Computer Vision API for Object Detection, Recognition, and Analysis
Computer vision features are extracted in the warehouse's Decompose layer and queried through multi-stage retrieval pipelines. Detect objects, classify images, extract text, and build visual similarity search across millions of images with managed GPU infrastructure.
What is Computer Vision?
Computer vision enables machines to interpret and analyze visual data -- images, video frames, and documents. Mixpeek transforms computer vision from a per-image API call into a searchable infrastructure layer where every visual feature becomes queryable.
From Analysis to Search
Traditional computer vision APIs analyze one image at a time and return labels. Mixpeek processes images through feature extraction pipelines, generates embeddings, and indexes everything into Qdrant namespaces. The result is not just labels -- it is a searchable visual knowledge base you can query with text, images, or metadata filters.
Multi-Model Pipelines
Run multiple vision models on every image in a single collection pipeline. Combine object detection with classification, OCR, and embedding generation. Each extractor adds a layer of understanding to your visual data, all indexed together in the same namespace for multi-faceted search.
Managed GPU Infrastructure
Computer vision models require GPU compute. Mixpeek runs all feature extractors on auto-scaling Ray GPU clusters, so you never manage GPU instances, model serving, or batch job infrastructure. Process millions of images with the same API you use for one.

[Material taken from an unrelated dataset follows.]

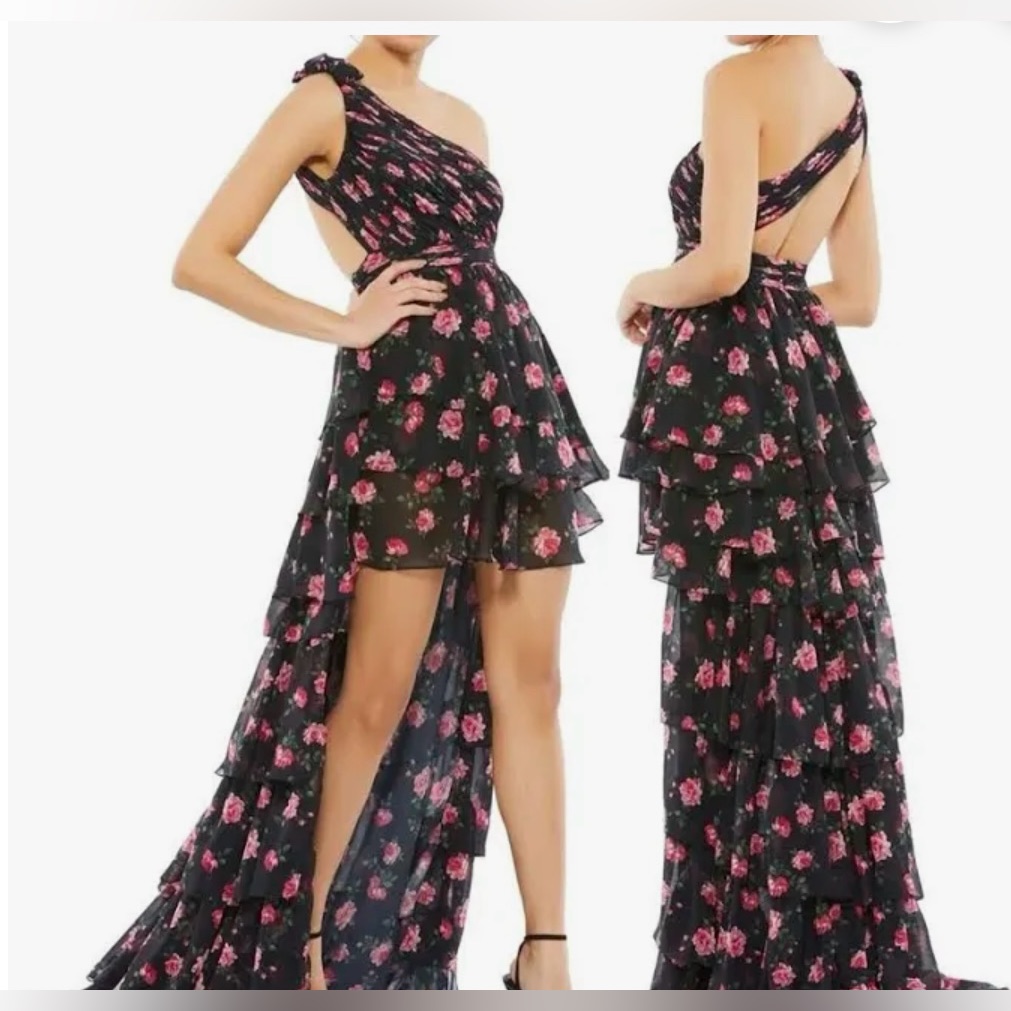 Mac Duggal One Shoulder Black And Pink Floral Dress Nwt Sz 2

Computer Vision Capabilities
Every visual analysis capability you need, from object detection to visual similarity search, running on managed GPU infrastructure.
Object Detection
Detect and localize objects within images and video frames with bounding boxes and confidence scores. Index detected objects as searchable metadata across your entire visual dataset.
- Multi-class object detection with bounding boxes
- Confidence scoring and threshold filtering
- Searchable object metadata in Qdrant namespaces
Image Classification
Classify images into categories using pre-trained or custom models. Automatically tag images with labels, categories, and hierarchical taxonomies during ingestion.
- Multi-label classification with confidence scores
- Custom taxonomy support via Mixpeek taxonomies
- Hierarchical category tagging
Scene Understanding
Analyze the overall context of images and video frames. Extract scene descriptions, spatial relationships between objects, and environmental attributes for semantic search.
- Natural language scene descriptions
- Spatial relationship extraction
- Environmental and contextual attribute detection
Face Detection and Analysis
Detect faces in images and video with landmark localization. Extract face embeddings for similarity search across your visual data while respecting privacy configurations.
- Face detection with landmark localization
- Face embedding extraction for similarity search
- Configurable privacy controls and redaction
Optical Character Recognition
Extract text from images, screenshots, and scanned documents. OCR output is indexed alongside visual features, enabling search across both visual and textual content in a single query.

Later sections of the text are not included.